Behind the Beautiful Forevers by Katherine Boo had long been on my radar. When a friend told me she was going to be in town for a free talk, it seemed like the perfect time to get around to it. That, and the library queue for it was no longer batsh1t-crazy long.

It’s a non-fiction account by a journalist about a slum in Mumbai, India. It is loosely centered around a death and series of trials, but includes a huge cast of people and tells a much broader story of poverty, corruption, and what people do to get by.

Boo made an interesting choice to narrate in the omniscient third person, but the summary at the end of the exhaustiveness of her research back this up. She didn’t put herself in the story because it wasn’t her story. And I didn’t miss her a bit, because hyper-focused Abdul, runty Samil, power-hungry Asha, and every single one of the others were so complex and interesting. Please forgive my reductive descriptors of these people–read Boo’s book to get the fuller picture.

At her talk, an audience member asked if her book made people’s lives more difficult because she named names and detailed acts of corruption. She responded that one of her goals had been transparency–all her participants had not only given permission, but sometimes insisted on using their full names and details of their lives, to better show the complicated, ethically slippery environment so different from ours in the pampered west.

I very much appreciated Boo’s afterward, in which she specifically calls out her situation of white privilege, and how and why she wrote the book. This was a eye-opening, world-expanding, thought-provoking book. One that, like the best books, leaves me with the question: NOW, what do I do now that I know what I know?

Comments

Thursday, October 17th, 2013

So, I have been slammed with spam and do not feel like wading through 423 comments right now, and have changed one setting, which means you have to sign in to comment. Sorry for the inconvenience, but 423 50-line spams has outdone me. If this works, great, if not, I may have to shut down comments.

Pondering

Saturday, October 12th, 2013

Just waded through 223 entries of spam, all of which were huge and this took forever, and I didn’t find one actual comment from an actual person.

So this has me thinking. Heads up, dear readers. I think change is on its way…

“Wicked” by Gregory Maguire

Saturday, October 12th, 2013

wicked

For years, I snobbishly dismissed Wicked by Gregory Maguire and the musical it spawned as populist tripe. Fun for the masses, but not for me.

I can be such a snobby cuss, sometimes, no? Put me in mind of that lovely quote by William Paley:

There is a principle which is a bar against all information, which is proof against all argument, and which cannot fail to keep a man in everlasting ignorance. This principle is, contempt prior to examination.

so when one of my smartest friends posted a glowing review of Wicked the book on Goodreads, noting that it was her THIRD read (important not just for 3rd read denoting a better knowledge of the book, but how many books do we readers honor by reading 3 times?), my interest was piqued, I questioned my prejudice and resolved to read it myself.

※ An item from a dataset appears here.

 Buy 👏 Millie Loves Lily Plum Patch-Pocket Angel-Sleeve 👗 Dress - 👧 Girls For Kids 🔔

The time was right recently, when the touring company of Wicked came to town. I got tickets with a girlfriend,and sat down to read the book. It is not an easy read, but I found it a challenging and rewarding one.

You probably “know” the broad outlines, as I thought I did, given the popularity of the musical. It is a re-telling of the Oz story focusing on the witches showing a less sympathetic side of Glinda the Good, and a more sympathetic side to the Wicked Witch, named Elphaba, pronounced EL fuh buh, in homage to Oz’s creator L. Frank Baum.

This is a fair summation of the musical but it does faint justice to the book, which is complicated, going way beyond in depth and breadth Good vs. Evil, and which witch embodies which. Maguire’s book provides the history, childhoods, and influences of Glinda, Elphaba, and many more characters who orbit around the original Oz fable and movie. There are competing religions and traditions in Oz including a variation on Christianity, as well as echoes of an older, darker tradition reminiscent of ancient, matriarchal ones that predate Christianity. There are talking Animals who are persecuted, sentient mechanical beings, a recurring mother/crone figure, and so many more elements. Throughout, though, is the question of Good and Evil, which Maguire presents as tantalizingly ambiguous.

People who claim that they’re evil are usually no worse than the rest of us… It’s people who claim that they’re good, or any way better than the rest of us, that you have to be wary of.

The heady mix of themes includes also wind as a signifier of power, and the nature of forgiveness.But it’s complex stew of themes that is, perhaps the book’s greatest weakness and, I suspect, why so many readers dislike it, shown by 3 stars on good reads with many negative reviews. The plot is loose, and wanders. Maguire raises many questions, but answers few definitively. This can be read as challenging the reader and trusting in their ability to think, but it can also be an author not quite in control of his creation. And near the end, when the traditional Oz tail dovetails most with Maguire’s re-telling, it felt like Maguire was hampered by fitting his tale to the other.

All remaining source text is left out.